Chang profiles Aoki in the first part:
For many, the idea that Aoki, who committed suicide in 2009, was anything less than a hero remains inconceivable. But there’s no doubt that Aoki the man was much more complicated — and conflicted — than Aoki the hero. At the very least, Rosenfeld’s assertion (pieced together from FBI records, interviews and other sources) raised the question: Who was Richard Aoki?
Then she looks at his entree into activism, and his parallel life as an informant:
To Aoki’s friends and admirers, he represented all of the things that people wanted to see in an Asian American activist. When the model minority myth was rearing its head in the ’60s — with the idea that Asian Americans were obedient, silent and assimilated juxtaposed against the increasingly outspoken and empowered African American community — Aoki stood out as someone who spoke loudly against injustices and who aligned himself with black radicals.
Dressed in dark shades and a black beret and sporting a mustache on his slim 5-foot-6-inch frame, Aoki was mysterious, intimidating and inspiring — the antithesis of the model minority stereotype.
But before he became that man, he was on FBI books as an informant.
Chang’s story then chronicles Aoki’s suicide, and finally what the revelations about this pioneering hero means to his legacy:
Many argue that Aoki’s contributions—mentoring and inspiring young activists, helping community college students gain access to higher education, and his political contributions during the 60s and 70s—cannot be taken away and Aoki’s role helping forge unity between different racial groups cannot be denied: his work helped “rearticulate the nation’s ideological constructions of race,” Fujino noted in her biography on Aoki.

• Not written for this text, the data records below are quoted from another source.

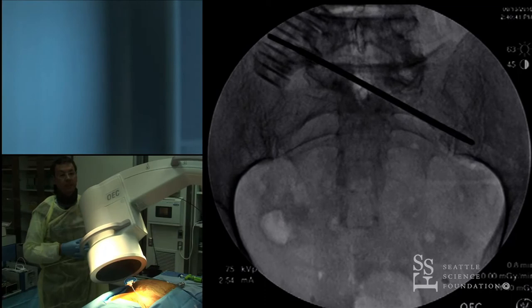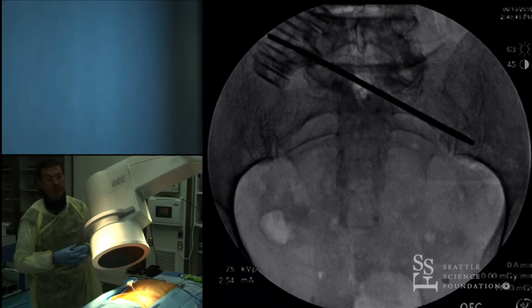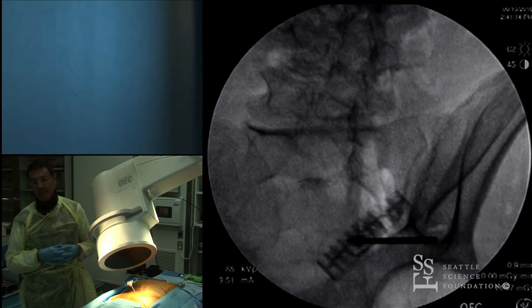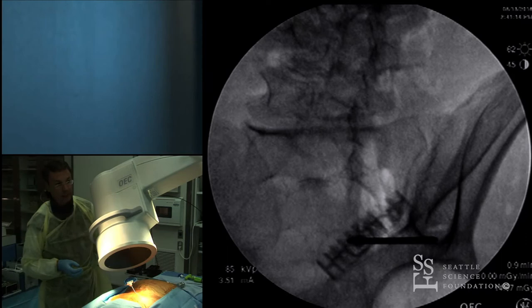If you have navigation you can use it, but if not, you need just regular fluoroscopy: the AP view and the teardrop oblique view. Looking at the teardrop image, the Jamshidi needle is at the bottom of the teardrop. The goal is to stay inside the teardrop — instead of going from top to bottom, we go from the bottom and work our way up, making sure we don't go too lateral.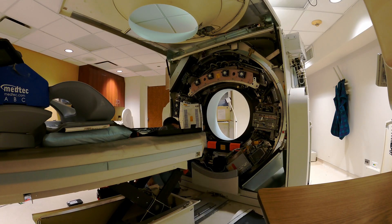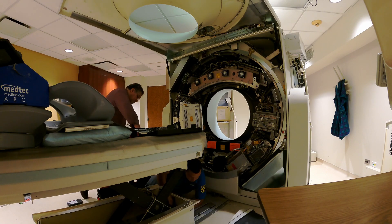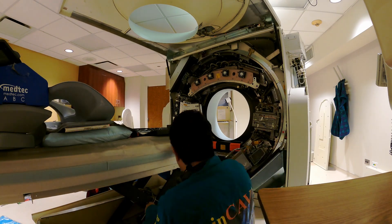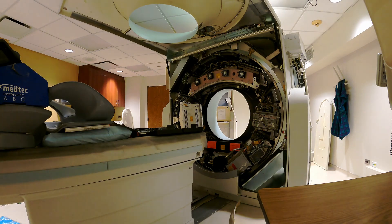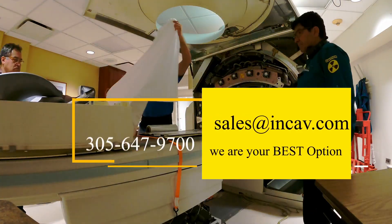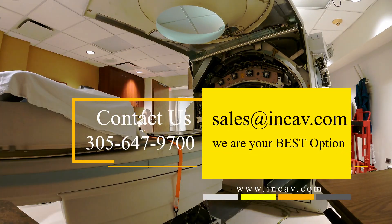Cardiac imaging with rotation time of 33ms. Isotropic spatial resolution of 0.24mm. Spiral artifact-free imaging. Straton high-performance CT x-ray tube. Z-Sharp technology. UFC detector.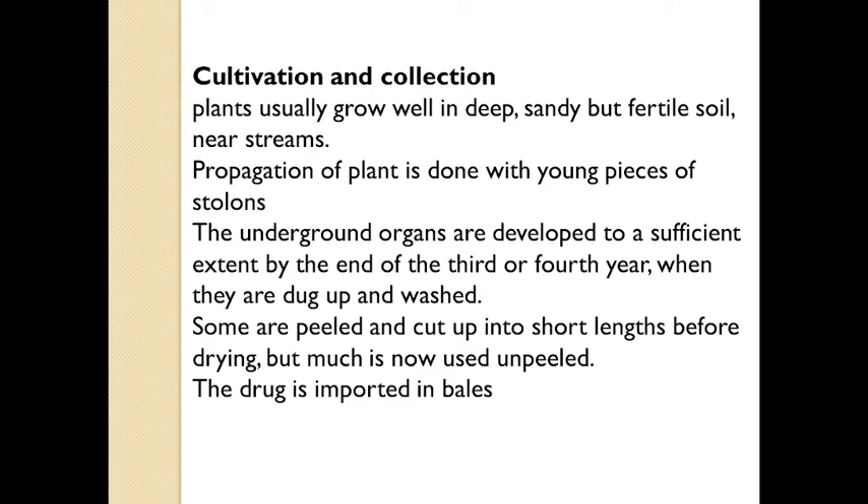The soil required for its proper growth and development is deep sandy soil, well-prepared and mixed with farm yard manures. These plants are planted in the month of March, keeping a distance of 2 inches by 3 inches. Fertilizers are supplied when the green parts of the plant have developed.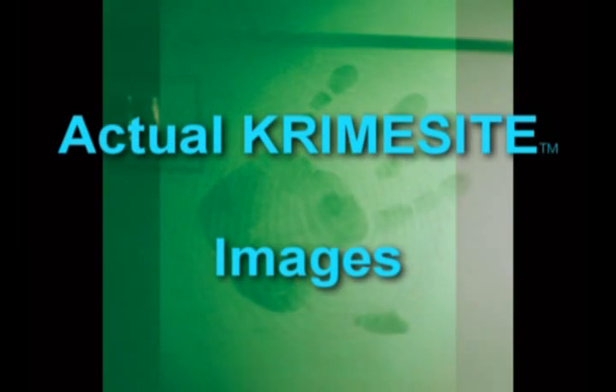Imagine having the ability to locate vital evidence without the use of powders or chemicals and under any lighting conditions.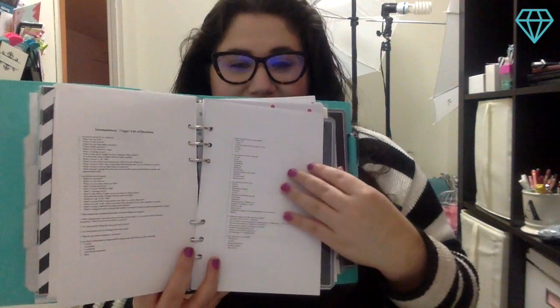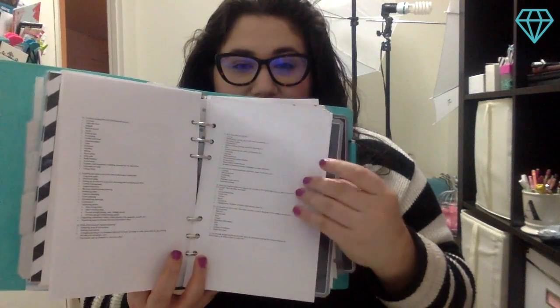Let me grab my A5 business binder and put it in for you guys. Here's my A5 turquoise domino, and I'm going to take this into my business section in the back. I'll open it up and insert it. I'll hold this up so you guys can kind of see. Here is the insert now, and I can actually use this. It's just a few pages — the full incompletion trigger list in my planner. Isn't that super easy?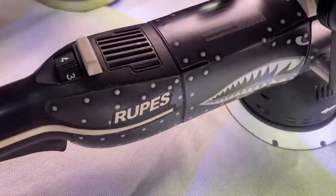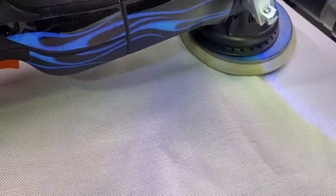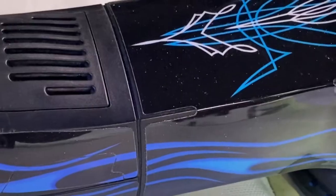Available now for Rupes polishers and more to come. Buff Bright Skins at buffbright.com.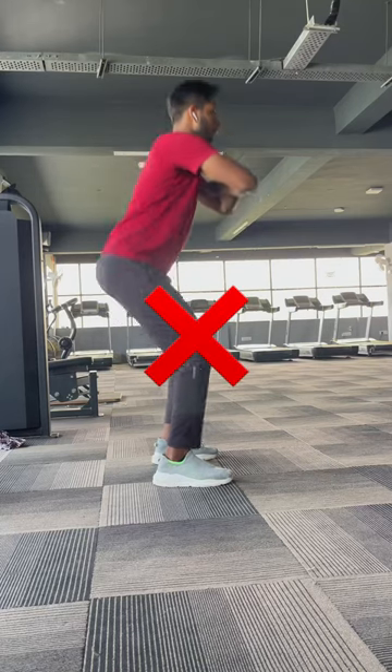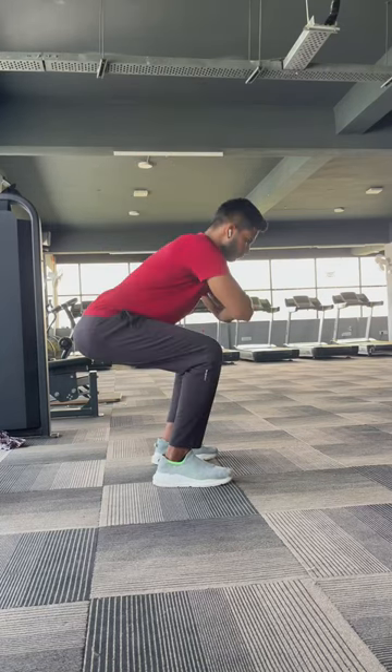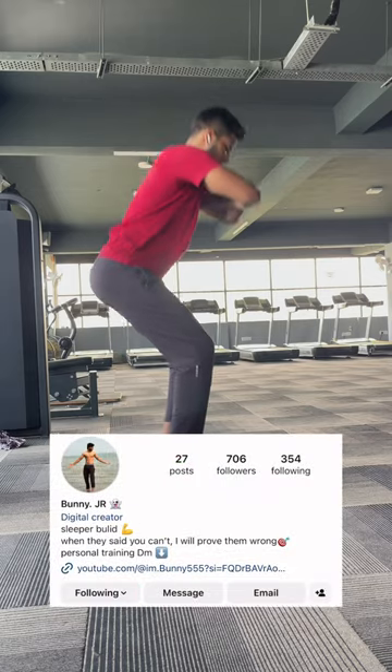This squat is a little bit more than the same. Here we are going to show you how I did this video. Let's show you how we are going to follow it. Let's see how we are going to do this in the gym.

But some argue that Aoki’s reputation made him an untouchable figure, resistant to critiques. “Was there something about what Aoki represented to us as progressive people of color—especially we who are Asian American leftists—that made many of us refrain from a healthy skepticism of Aoki and indeed, any person whose celebrity rests largely on racial border crossing?” wrote Tamara K. Nopper, a writer and a lecturer in Asian American studies and sociology at the University of Pennsylvania, in The New Inquiry.
Nopper is one of the few who have become more critical of Aoki’s legacy since the news of his relationship to the FBI broke. She said that the wave of public reaction—mostly in defense of Aoki—make it difficult to raise tougher questions. “There seems to be this perverse need to protect his legacy,” she said. “It’s been very difficult to speak out critically of Aoki and to be okay with considering him an informant.”
The articles left me sad but marveling at Aoki’s ability to keep such huge secrets from the people closest to him. Whether, as some of his friends assert, that he had become radicalized by the time of the Panthers and was informing on the group, or whether he kept feeding the FBI intelligence — or worse, as some wonder, if he “set up” the Panthers to commit violent crimes at the urging of the federal government — the entire time, Aoki has become an enigma even more mysterious than he had been.
The four-part series, “Who Was Richard Aoki?” is definitely worth reading, and reflects Hyphen‘s status as a first-rate Asian American magazine, which just celebrated its 10th anniversary.